:: Problem requirements ::
Look for the line that has "Robo Combat Robot Seti" in the material below; please repeat it and every line after it, exactly, up to and including the line that has "29 Milk Street Nantucket Thumb", and nothing else.

======

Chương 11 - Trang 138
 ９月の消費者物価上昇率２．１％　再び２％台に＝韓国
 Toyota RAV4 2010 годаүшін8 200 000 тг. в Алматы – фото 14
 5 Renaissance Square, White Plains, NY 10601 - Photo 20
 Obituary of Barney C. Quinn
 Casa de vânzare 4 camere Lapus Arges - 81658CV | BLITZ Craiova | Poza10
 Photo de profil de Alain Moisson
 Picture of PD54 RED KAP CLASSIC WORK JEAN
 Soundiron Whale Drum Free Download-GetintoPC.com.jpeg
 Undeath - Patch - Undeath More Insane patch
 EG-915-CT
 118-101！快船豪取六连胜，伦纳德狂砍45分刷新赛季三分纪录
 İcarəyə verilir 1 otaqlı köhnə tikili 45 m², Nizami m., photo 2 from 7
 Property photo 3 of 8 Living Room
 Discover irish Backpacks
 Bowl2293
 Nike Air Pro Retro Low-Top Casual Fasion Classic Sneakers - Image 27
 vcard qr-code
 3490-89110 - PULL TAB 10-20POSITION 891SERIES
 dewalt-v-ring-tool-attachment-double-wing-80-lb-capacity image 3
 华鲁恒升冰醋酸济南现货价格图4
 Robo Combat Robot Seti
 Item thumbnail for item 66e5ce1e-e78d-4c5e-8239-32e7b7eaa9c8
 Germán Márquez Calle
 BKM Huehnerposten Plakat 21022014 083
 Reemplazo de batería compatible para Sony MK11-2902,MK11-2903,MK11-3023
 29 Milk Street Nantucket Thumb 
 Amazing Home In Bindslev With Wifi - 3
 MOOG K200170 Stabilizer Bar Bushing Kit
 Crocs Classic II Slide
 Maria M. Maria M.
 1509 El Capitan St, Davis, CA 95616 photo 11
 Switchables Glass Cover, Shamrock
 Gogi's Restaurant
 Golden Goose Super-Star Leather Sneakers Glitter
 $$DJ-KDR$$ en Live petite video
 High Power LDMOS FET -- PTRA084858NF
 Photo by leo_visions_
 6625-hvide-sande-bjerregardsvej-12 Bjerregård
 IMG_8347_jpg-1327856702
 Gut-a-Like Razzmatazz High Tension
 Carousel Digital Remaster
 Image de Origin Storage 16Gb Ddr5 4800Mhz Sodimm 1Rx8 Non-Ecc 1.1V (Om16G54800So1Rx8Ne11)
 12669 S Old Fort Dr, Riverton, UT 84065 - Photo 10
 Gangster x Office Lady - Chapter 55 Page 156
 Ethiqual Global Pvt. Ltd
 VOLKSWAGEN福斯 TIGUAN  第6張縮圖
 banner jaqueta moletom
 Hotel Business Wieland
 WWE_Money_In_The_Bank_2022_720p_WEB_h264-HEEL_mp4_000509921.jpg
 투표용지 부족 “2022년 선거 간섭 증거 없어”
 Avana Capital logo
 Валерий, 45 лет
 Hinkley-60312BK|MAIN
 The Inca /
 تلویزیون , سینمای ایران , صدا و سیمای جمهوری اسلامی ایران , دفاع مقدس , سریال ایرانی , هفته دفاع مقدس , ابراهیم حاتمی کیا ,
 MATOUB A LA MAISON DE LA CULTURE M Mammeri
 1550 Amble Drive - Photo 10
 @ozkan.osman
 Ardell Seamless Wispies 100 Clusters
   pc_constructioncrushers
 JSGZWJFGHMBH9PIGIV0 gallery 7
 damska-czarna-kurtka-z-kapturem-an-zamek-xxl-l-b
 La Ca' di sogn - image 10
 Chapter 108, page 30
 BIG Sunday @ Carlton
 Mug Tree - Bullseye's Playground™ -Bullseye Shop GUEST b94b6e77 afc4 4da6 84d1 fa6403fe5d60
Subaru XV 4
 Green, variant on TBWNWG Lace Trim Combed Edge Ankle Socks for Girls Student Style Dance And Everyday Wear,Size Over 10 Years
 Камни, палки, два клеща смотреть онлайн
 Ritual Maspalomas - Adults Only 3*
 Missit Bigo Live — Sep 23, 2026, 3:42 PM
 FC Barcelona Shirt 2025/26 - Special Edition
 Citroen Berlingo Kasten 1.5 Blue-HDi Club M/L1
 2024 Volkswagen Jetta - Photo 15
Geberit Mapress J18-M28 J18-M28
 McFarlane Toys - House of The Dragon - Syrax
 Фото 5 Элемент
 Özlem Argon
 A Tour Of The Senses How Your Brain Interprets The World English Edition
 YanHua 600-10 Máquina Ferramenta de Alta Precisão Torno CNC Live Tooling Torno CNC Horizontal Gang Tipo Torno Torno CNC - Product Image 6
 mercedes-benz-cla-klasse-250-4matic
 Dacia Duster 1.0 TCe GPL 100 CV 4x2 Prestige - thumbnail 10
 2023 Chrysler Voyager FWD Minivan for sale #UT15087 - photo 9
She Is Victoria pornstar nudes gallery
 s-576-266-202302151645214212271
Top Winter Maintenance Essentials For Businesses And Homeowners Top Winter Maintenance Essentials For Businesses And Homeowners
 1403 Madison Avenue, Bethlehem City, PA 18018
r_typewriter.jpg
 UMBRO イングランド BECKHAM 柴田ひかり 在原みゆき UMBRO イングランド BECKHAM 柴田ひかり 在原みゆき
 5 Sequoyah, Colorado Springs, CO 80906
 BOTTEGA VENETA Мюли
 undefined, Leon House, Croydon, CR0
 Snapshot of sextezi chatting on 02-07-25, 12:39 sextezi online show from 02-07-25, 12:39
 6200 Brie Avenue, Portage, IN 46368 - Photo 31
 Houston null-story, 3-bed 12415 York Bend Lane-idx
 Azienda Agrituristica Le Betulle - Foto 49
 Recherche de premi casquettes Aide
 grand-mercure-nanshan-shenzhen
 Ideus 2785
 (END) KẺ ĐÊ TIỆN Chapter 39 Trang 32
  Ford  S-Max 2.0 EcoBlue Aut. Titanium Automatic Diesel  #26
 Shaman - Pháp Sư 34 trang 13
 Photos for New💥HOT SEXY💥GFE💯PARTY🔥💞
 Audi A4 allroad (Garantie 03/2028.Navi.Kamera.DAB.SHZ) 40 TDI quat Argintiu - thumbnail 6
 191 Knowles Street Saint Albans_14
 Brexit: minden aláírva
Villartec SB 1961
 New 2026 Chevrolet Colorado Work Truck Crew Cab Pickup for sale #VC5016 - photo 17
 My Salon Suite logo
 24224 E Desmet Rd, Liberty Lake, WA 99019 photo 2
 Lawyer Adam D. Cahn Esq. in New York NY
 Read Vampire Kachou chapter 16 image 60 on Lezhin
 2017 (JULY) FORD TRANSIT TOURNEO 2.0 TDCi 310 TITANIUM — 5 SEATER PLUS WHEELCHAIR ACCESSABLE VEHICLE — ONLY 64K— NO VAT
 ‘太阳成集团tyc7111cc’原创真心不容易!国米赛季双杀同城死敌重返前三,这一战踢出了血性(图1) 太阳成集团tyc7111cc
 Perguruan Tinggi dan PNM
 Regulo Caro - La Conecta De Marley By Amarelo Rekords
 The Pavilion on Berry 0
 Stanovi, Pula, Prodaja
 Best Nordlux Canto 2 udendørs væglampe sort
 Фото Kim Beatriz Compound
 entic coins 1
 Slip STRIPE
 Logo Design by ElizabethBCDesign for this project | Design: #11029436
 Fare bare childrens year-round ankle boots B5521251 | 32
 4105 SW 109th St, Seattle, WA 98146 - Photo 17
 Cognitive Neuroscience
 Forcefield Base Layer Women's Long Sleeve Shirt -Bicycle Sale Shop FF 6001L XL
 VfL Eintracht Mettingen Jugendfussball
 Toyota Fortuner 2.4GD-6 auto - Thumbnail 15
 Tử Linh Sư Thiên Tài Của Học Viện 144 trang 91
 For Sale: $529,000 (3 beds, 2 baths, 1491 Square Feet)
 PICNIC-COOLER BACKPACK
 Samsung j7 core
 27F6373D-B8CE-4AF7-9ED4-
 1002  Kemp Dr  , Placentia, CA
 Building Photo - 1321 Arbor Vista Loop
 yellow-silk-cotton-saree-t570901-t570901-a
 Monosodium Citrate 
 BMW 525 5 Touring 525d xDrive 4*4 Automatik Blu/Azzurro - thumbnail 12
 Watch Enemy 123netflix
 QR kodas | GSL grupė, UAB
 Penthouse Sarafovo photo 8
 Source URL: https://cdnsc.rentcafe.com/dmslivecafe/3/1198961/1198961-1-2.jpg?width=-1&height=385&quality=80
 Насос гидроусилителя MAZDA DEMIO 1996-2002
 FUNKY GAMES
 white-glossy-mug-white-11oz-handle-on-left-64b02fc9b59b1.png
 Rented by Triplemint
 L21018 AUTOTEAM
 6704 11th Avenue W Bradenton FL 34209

======

:: Solution to the problem ::
 Robo Combat Robot Seti
 Item thumbnail for item 66e5ce1e-e78d-4c5e-8239-32e7b7eaa9c8
 Germán Márquez Calle
 BKM Huehnerposten Plakat 21022014 083
 Reemplazo de batería compatible para Sony MK11-2902,MK11-2903,MK11-3023
 29 Milk Street Nantucket Thumb 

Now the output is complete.